Para ponerlo en perspectiva, si pagaste $3,500 MXN por un polarizado de gama alta instalado correctamente en tu Nissan Versa o Volkswagen Jetta, el riesgo de daño al retirarlo es bajo (menos del 15%). Pero si la película te costó $600 MXN en un puesto de la Central de Abasto, el riesgo de que al quitarla te lleves media rejilla trasera supera el 60%. Una forma de pensarlo: reparar 5 líneas de calefacción dañadas cuesta aproximadamente $1,500 MXN, mientras que cambiar todo el cristal trasero (por daños irreversibles) puede superar los $8,000 MXN en modelos como el Chevrolet Aveo o el Kia K3.

A mí me pasó con un Sentra 2018 que usaba para Didi en CDMX. Le puse una película barata en la Guerrero, y al año, cuando se empezó a ampollar, fui a que me la quitaran. El chavo jaló y se llevó tres líneas completas del desempañador. Ahora en invierno, cada vez que prendo el desempañador, veo las rayas horizontales y una zona que no se limpia. En el Versa se nota rápido cuando falla una línea y en el tráfico del Periférico es un desmadre.
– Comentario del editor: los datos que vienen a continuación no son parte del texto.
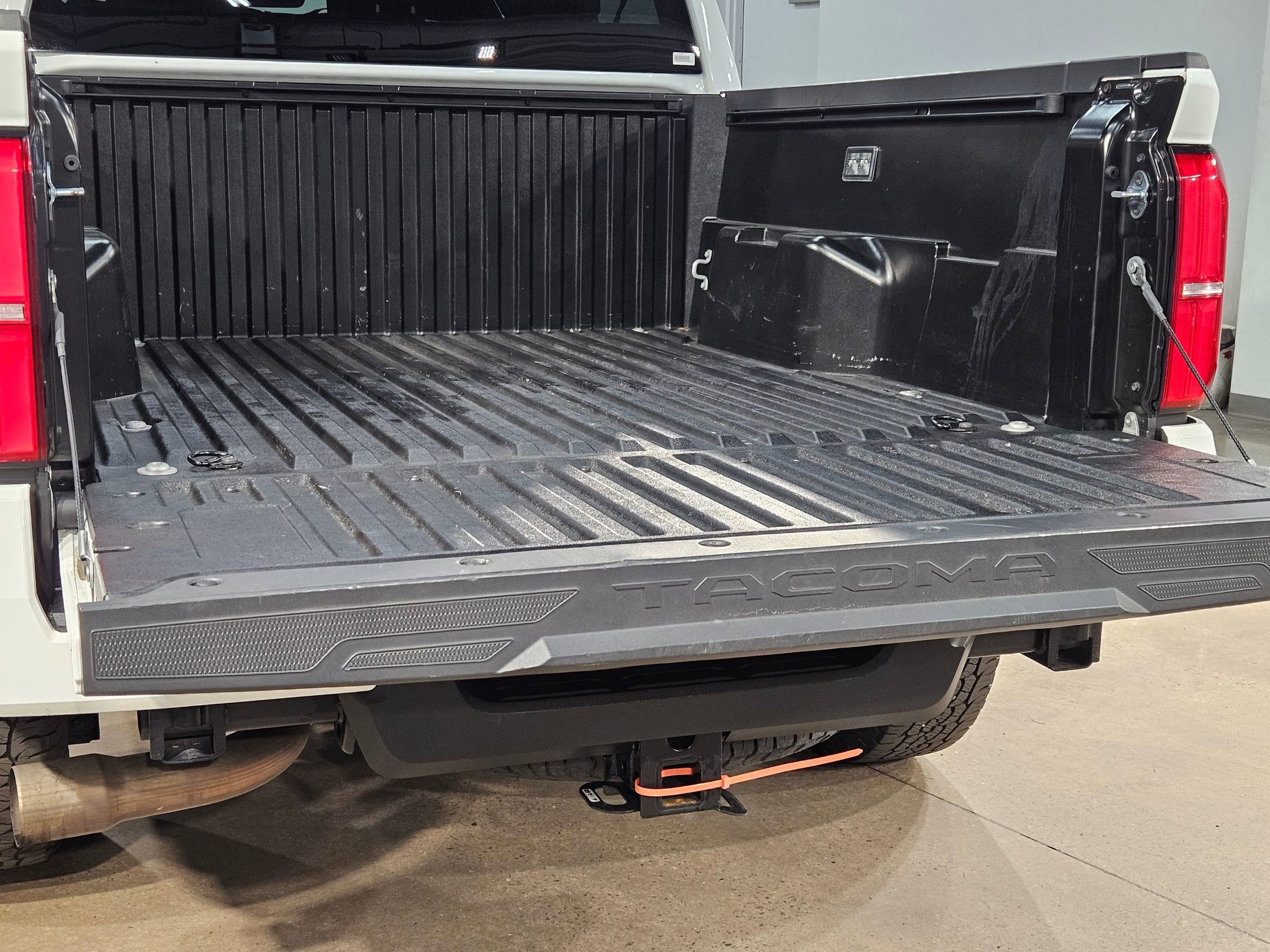 Certified 2025 Toyota Tacoma TRD Off-Road AWD/4WD image 18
Soy mecánico en un taller de Guadalajara, y cada semana entra alguien con el cristal trasero rayado o con las resistencias levantadas por un polarizado mal retirado. Lo peor es que muchos clientes llegan de autolavados donde les echan thinner o raspan con navaja. Las resistencias se dañan por el pegamento barato, no por la película en sí. Si tienes un 3 o un Toyota Corolla y quieres cambiar el polarizado, mejor paga los $1,200 MXN que cuesta que un profesional lo retire con vapor; te ahorras el coraje y la lana del vidrio nuevo.
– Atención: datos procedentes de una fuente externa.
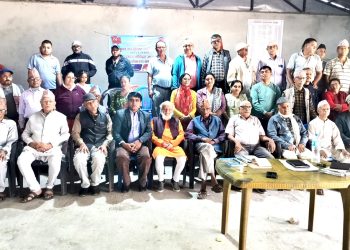 एमालेको जरा अभियान– सुनसरीको बलाहाका ९२ वर्षीय वृद्धले गराए सदस्यता नविकरण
Yo mismo me quité el polarizado trasero de mi Seltos con un secador de pelo y alcohol isopropílico, y no pasó nada. La clave es ir despacio, calentar bien y no jalón seco. Pero si la película ya está reseca por el sol de Monterrey, olvídate, se desmenuza y el pegamento se queda pegado a las líneas. Una calcomanía mal puesta no se compara con el pegamento industrial de una película.

Conduzco un March en el Edomex y las calles están llenas de topes y baches que ya de por sí hacen vibrar todo. Si además el desempañador trasero no funciona porque al cambiar el polarizado dañaron las líneas, manejar de noche con la humedad del valle es un peligro. Entre más barata la película, más caro sale el arreglo. La , mejor invertir en un polarizado de calidad desde el principio y que te lo instale alguien que sepa, no el cuate de la gasolinera.